The Uniqueness of Limits of a Sequence Theorem
Recall that a given sequence $(a_n)$ is said to be convergent to some real number $L$ if $\lim_{n \to \infty} a_n = L$. We have not yet verified that $L$ is unique, that is - is it possible for a sequence to converge to two different real numbers $L$? The answer is no, and in fact if $(a_n)$ is convergent then $L$ is unique. The following theorem and proof will verify this assertion.

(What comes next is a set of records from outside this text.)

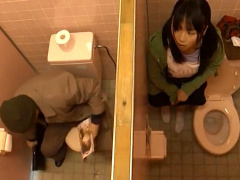 ヘンリー塚本 公衆トイレでオナニーしてた変態巨乳JKと中年チ○ポが交わり....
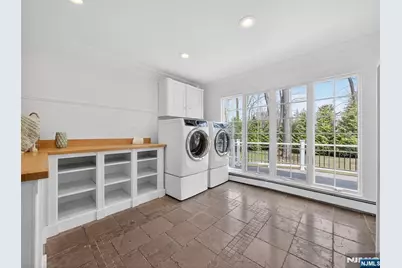 381 Lawrence Court, Wyckoff Township, NJ 07481 - Photo 17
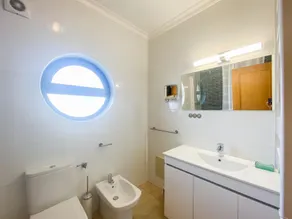Luxury Penthouse Near City Center #1933 - Image 2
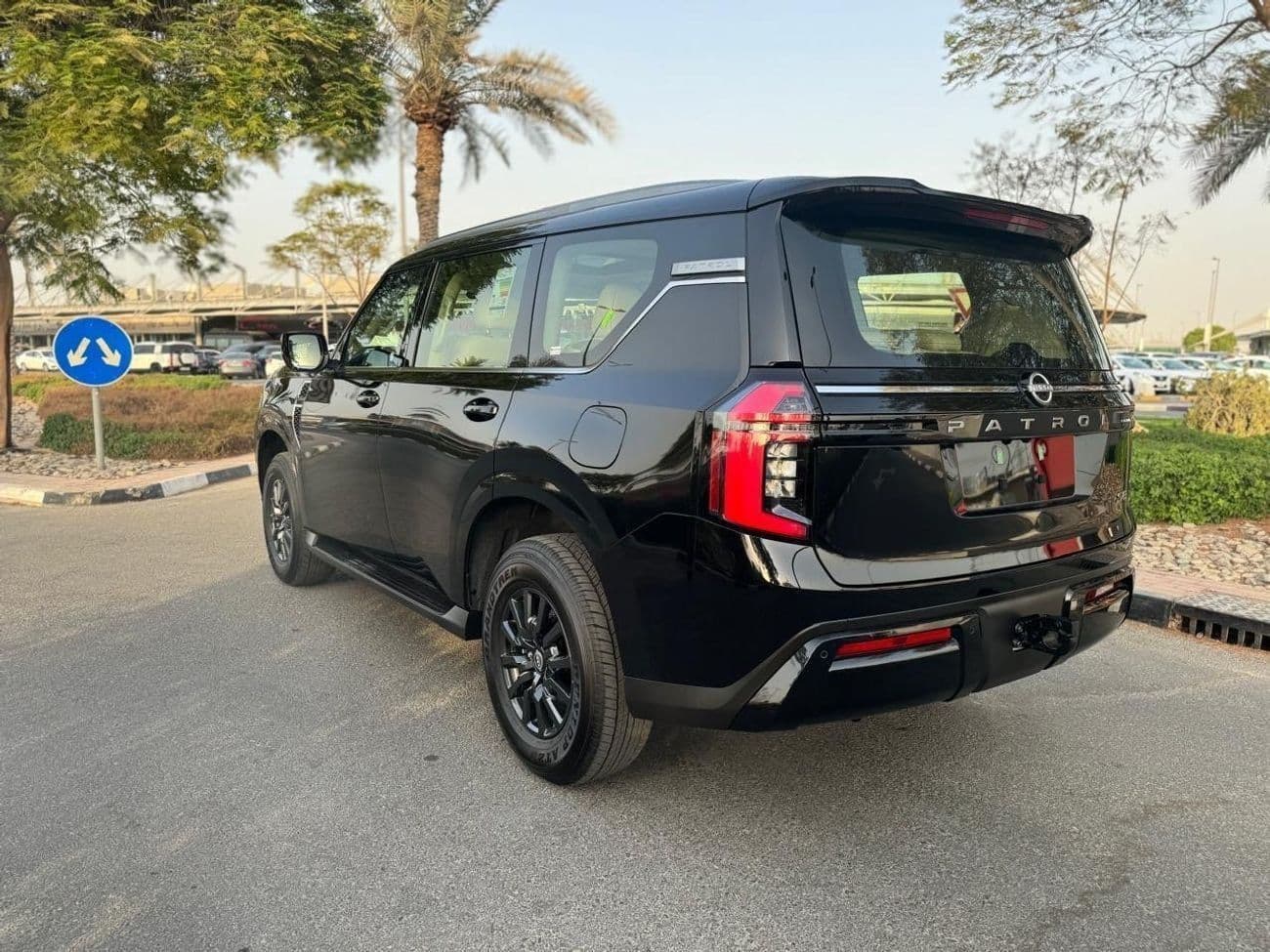 2026 Nissan Patrol SE T2 thumbnail 3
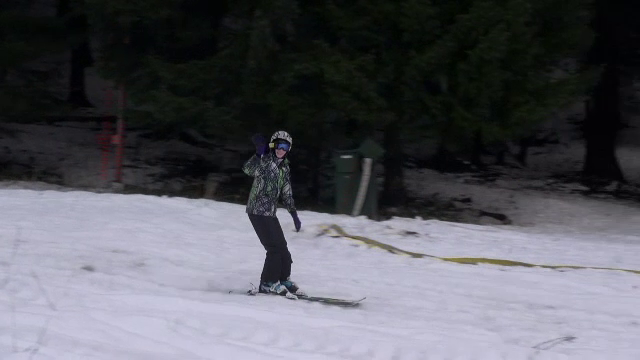 Romania petrece in statiunile montane. Locurile in care turistii au deschis sezonul la schi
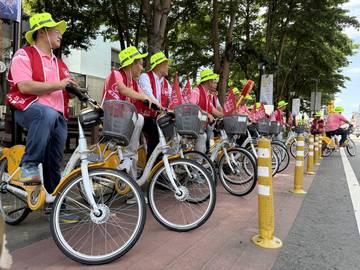 1377921_ceb70ced05bea356364325892dad3d07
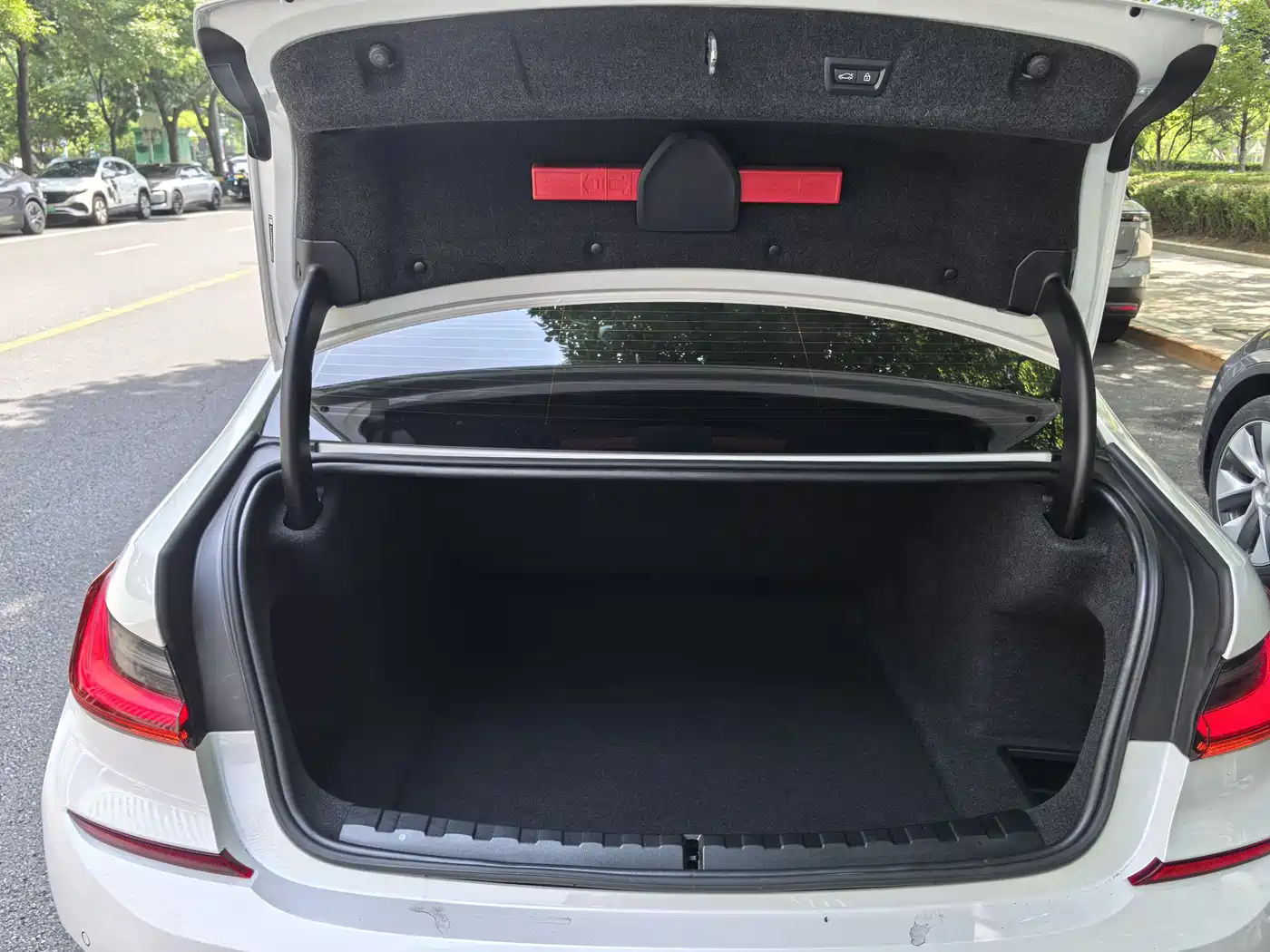 BMW 3 Series 2022 325Li M Sport Shadow Edition фото 15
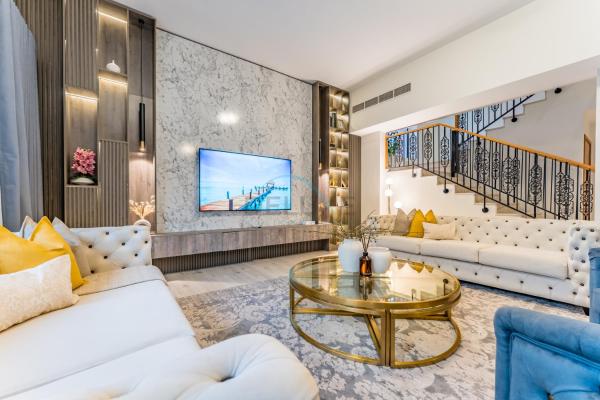 A la foto es mostra l'objecte 4BR plus Maids Room Villa Near Nad Al Sheba Mall, With Easy Access to Major Dubai Attractions - Nad Al Shiba Third, Nad Al Sheba by Deluxe Holiday Homes situat a la ciutat de Dubai.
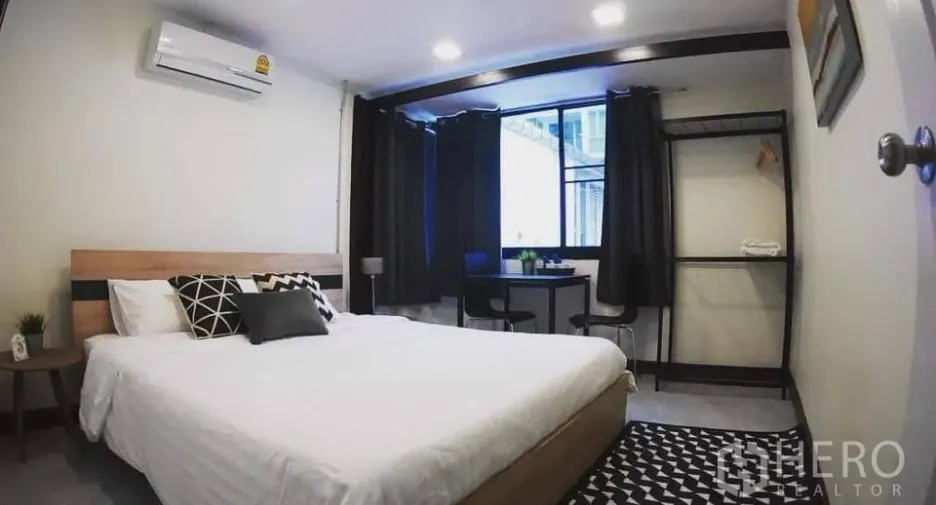 Haus zur Miete mit 6 Zimmer in Watthana, Bangkok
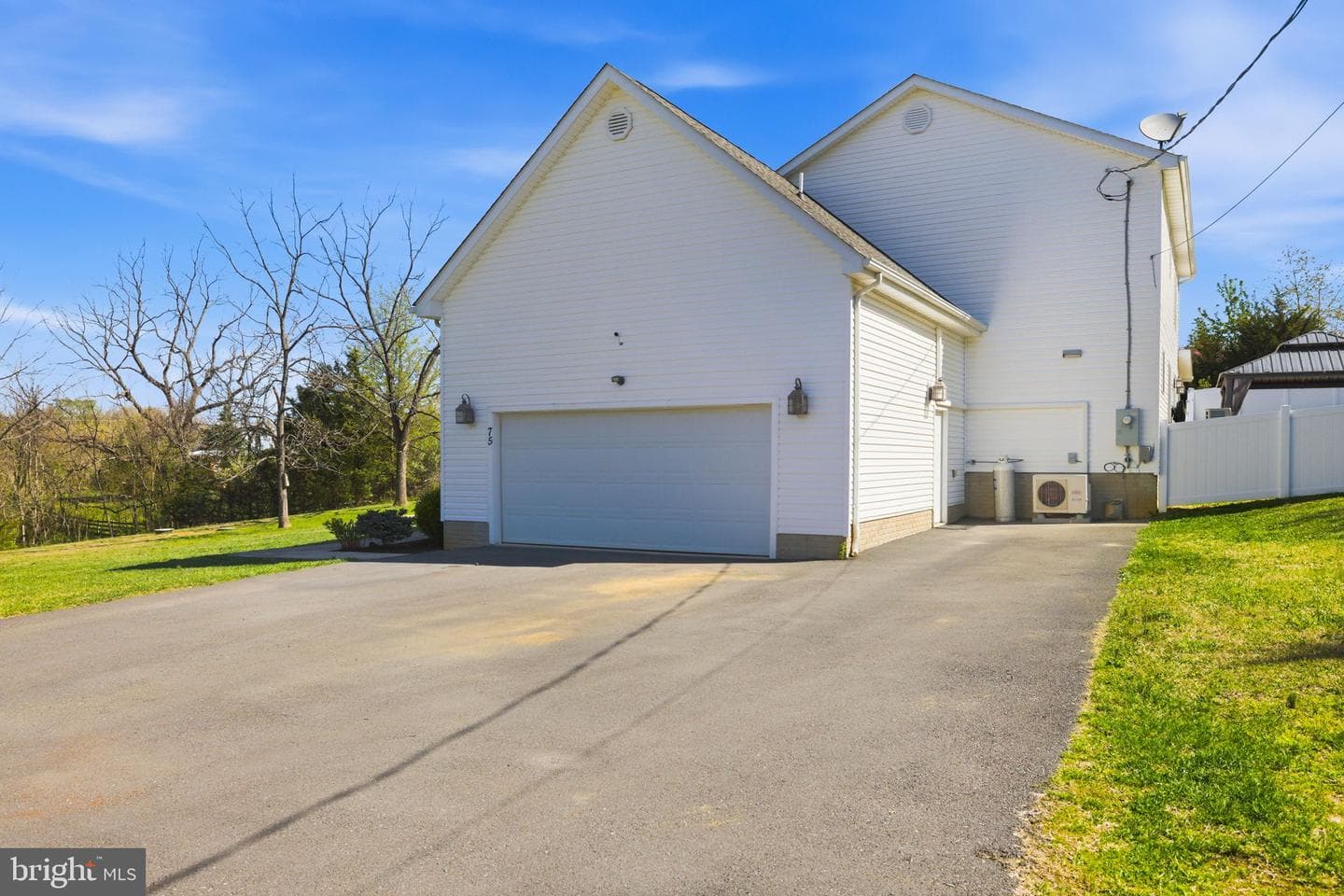 75 Oak Hill Drive photo 16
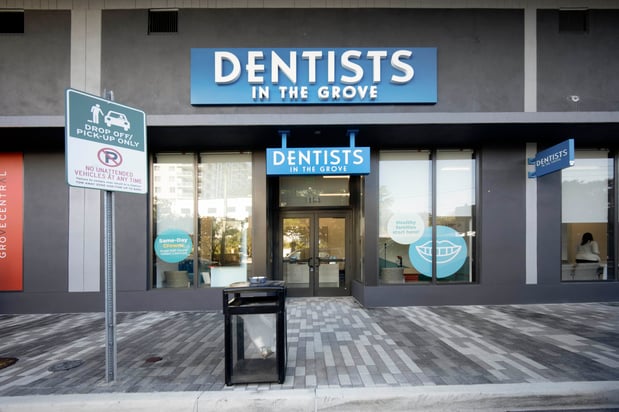 Images Dentists in the Grove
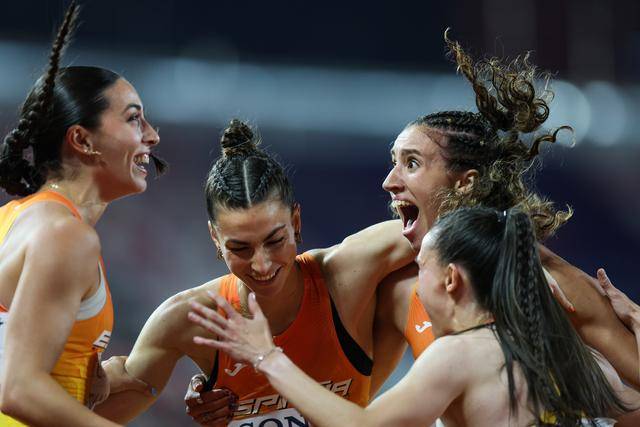 世界接力赛:西班牙队获女子4x400米接力冠军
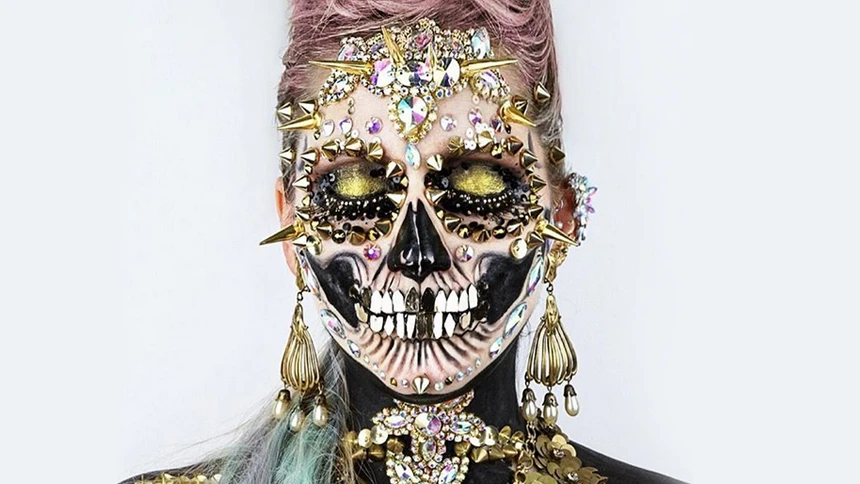 Ijesztgess te is strasszköves halálfejsminkben idén halloweenkor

 Theorem (Uniqueness of Limits of a Sequence): If $(a_n)$ is a convergent sequence to some real number $L$ then $\lim_{n \to \infty} a_n = L$ is unique, that is if $\lim_{n \to \infty} a_n = M$ then $L = M$.
• Proof: Let $(a_n)$ be a convergent sequence, and suppose that $\lim_{n \to \infty} a_n = L$ and $\lim_{n \to \infty} a_n = M$ where $L, M \in \mathbb{R}$ and $L \neq M$. Also, without loss of generality assume $L < M$.
• Now consider $\epsilon_1 = \frac{\mid L - M \mid}{2} > 0$.
• We note that $\lim_{n \to \infty} a_n = L$ implies that for $\epsilon_1$ there exists a natural number $N_1 \in \mathbb{N}$ such that $\forall n ≥ N_1$ then $x_n \in V_{\epsilon_1} (L)$.
• Similarly $\lim_{n \to \infty} a_n = M$ implies that for $\epsilon_1$ there exists a natural number $N_2 \in \mathbb{N}$ such that $\forall n ≥ N_2$ then $x_n \in V_{\epsilon_1} (M)$.
• Now choose $N = \mathrm{max} \{ N_1, N_2 \}$ such that both conditions above are satisfied. Then $\forall n ≥ N$ we have that $x_n \in V_{\epsilon_1} (L) \cap V_{\epsilon_1} (M)$. But we note that $V_{\epsilon_1}(L) \cap V_{\epsilon_1} (M) = \emptyset$ because $V_{\epsilon_1}(L) = \{ x_n \in \mathbb{R} : L - \frac{\mid L - m \mid}{2} < x_n < L + \frac{\mid L - M \mid}{2} \}$ and $V_{\epsilon_1}(M) = \{ x_n \in \mathbb{R} : M - \frac{\mid L - M \mid}{2} < x_n< M + \frac{\mid L - M \mid}{2} \}$ have no points of intersection as illustrated below:
• Therefore $L = M$, and so $L$ is unique. $\blacksquare$